Q6: What is the quintessential Marlborough Sounds experience?

The essence of the Sounds is land, light and water, in good weather or bad. To capture this, you have to move slowly through the landscape. There are yachts for hire and kayaks, or walking and biking even parts of the Queen Charlotte Walkway are further options. And there are the mail boats that go in and out of the bays. In Te Hoiere Pelorus, high steep hills and ridges border great stretches of water that in bad weather are swept by willy waws. In Tōtaranui Queen Charlotte Sound the land seems to enclose the sea; exploring it is a gentler experience. In both Sounds, find opportunities to get away from light pollution and experience the vast night sky ablaze with stars while dolphins accompanying a moving boat are framed by phosphorescence.

Q7: What makes the Marlborough Sounds such a challenging environment, even today?

I primarily think of the Sounds in boating terms, as it is in boats that you can really experience the challenges.

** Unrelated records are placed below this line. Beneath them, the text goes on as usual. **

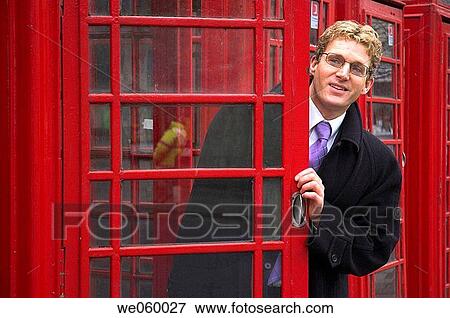 Young businessman leaning out of a British red phone box. View Large Photo Image Stock Photo - Young businessman leaning out of a British red phone box.. Fotosearch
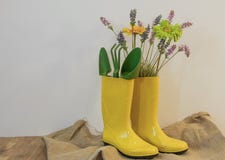 Botas de chuva com as flores do equipamento e da mola de jardinagem no fundo do eco do pano de saco foto de stock Botas de chuva com as flores do equipamento e da mola de jardinagem no fundo do eco do pano de saco foto de stock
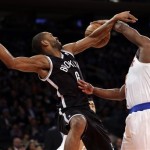 Brooklyn Nets' Alan Anderson, left, is fouled by New York Knicks' Raymond Felton during the second half of the NBA basketball game at Madison Square Garden, Monday, Jan. 20, 2014, in New York. The Nets defeated the Knicks 103-80. (AP Photo/Seth Wenig)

As a sailor, the light Sounds winds that come from all points of the compass are deeply frustrating; more overtly challenging are the sudden and often very strong katabatic gusts that without warning sweep down the ridges. In both Sounds, too, winds that build up a considerable sea are common and make gaining headway almost impossible, even under motor.

Q8: What do you hope the reader will get from the book?

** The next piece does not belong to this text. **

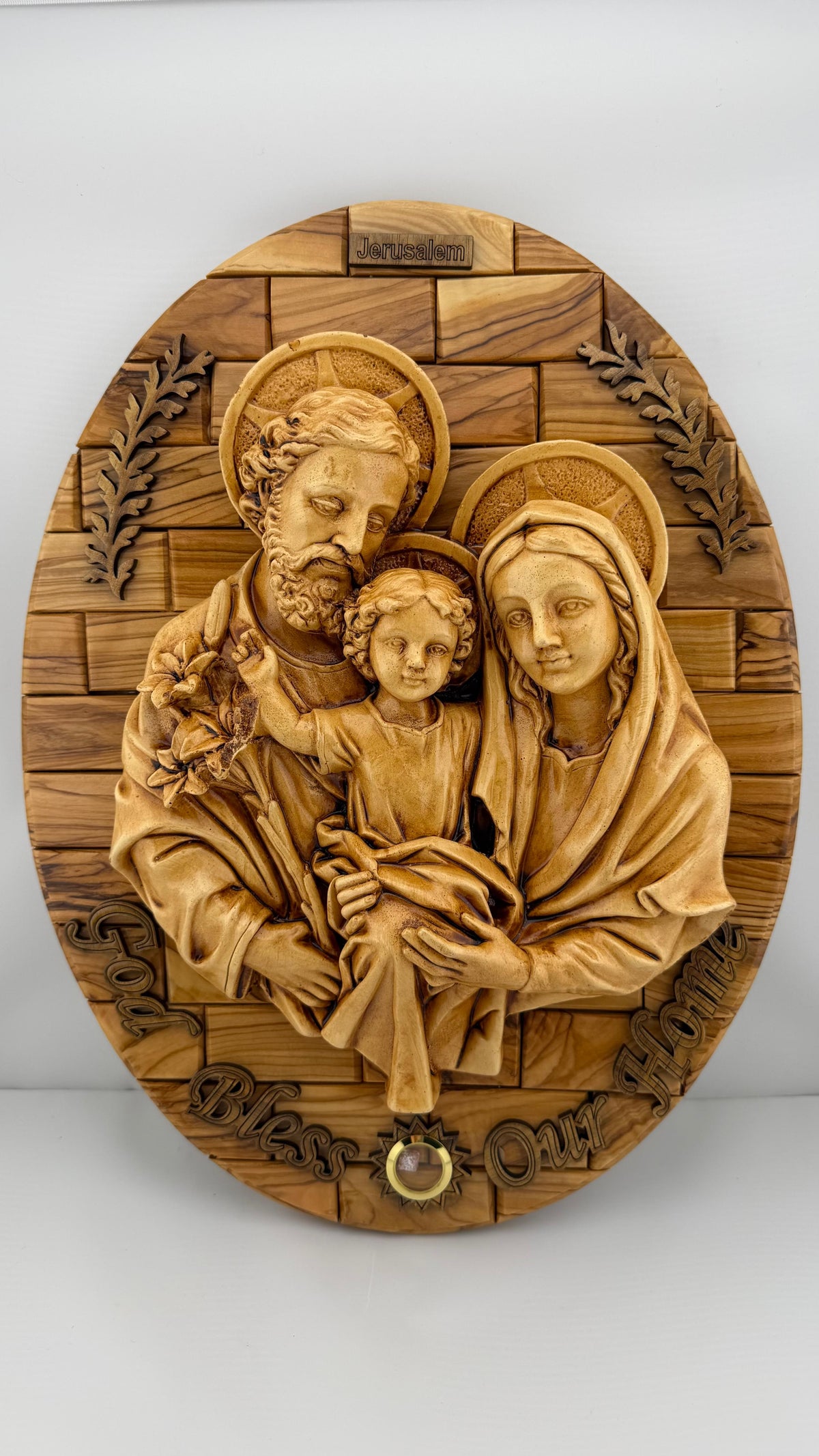 Oval olive wood Holy Family wall plaque with Joseph, Mary, and Jesus, Jerusalem at the top, and God Bless Our Home lettering below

I hope readers will come away with a sense of a well-paced, engrossing narrative of place and people and their efforts to establish (or re-establish) themselves in a unique part of New Zealand.

Q9: Where is your favourite place in the Sounds?

We used to sail into Ngawhakawhiti Bay in Tennyson Inlet, Te Hoiere Pelorus Sound feeling we had come to one of the Sounds’ most remote bays. It has now lost some of its remoteness, but it remains a small bay enclosed by bush that comes down to the water. That water is warm and even the noise of motor boats in other bays seems muted. We used to lie at anchor there, listening to the lap of the water against the yacht and watching the play of light on the water and bush – then a bad weather forecast would force a rapid retreat to a sheltered mooring.

Q10: What are you currently reading?

I am currently engrossed in Rules of Civility, the first of Amor Towles’s novels, having thoroughly enjoyed the other two, A Gentleman in Moscow and The Lincoln Highway. I’ve just finished Shadowlands by Matthew Green, an elegiac narrative of history of various English towns or settlements that over the centuries have been lost to sea levels, plague or progress. Alongside that was Osbert Lancaster’s 1963 All Done from Memory, a witty and fascinating account of growing up in Edwardian London in a life cocooned by cash, comfort and privilege – ingredients we might note as we watch England’s political world today that are still part of England’s class system. I’ve just ordered Life in the Shallows: The wetlands of Aotearoa New Zealand, published by Massey University Press, as wetlands, the flora and fauna they support and the contributions they can make to climate change are of vital interest in today’s world.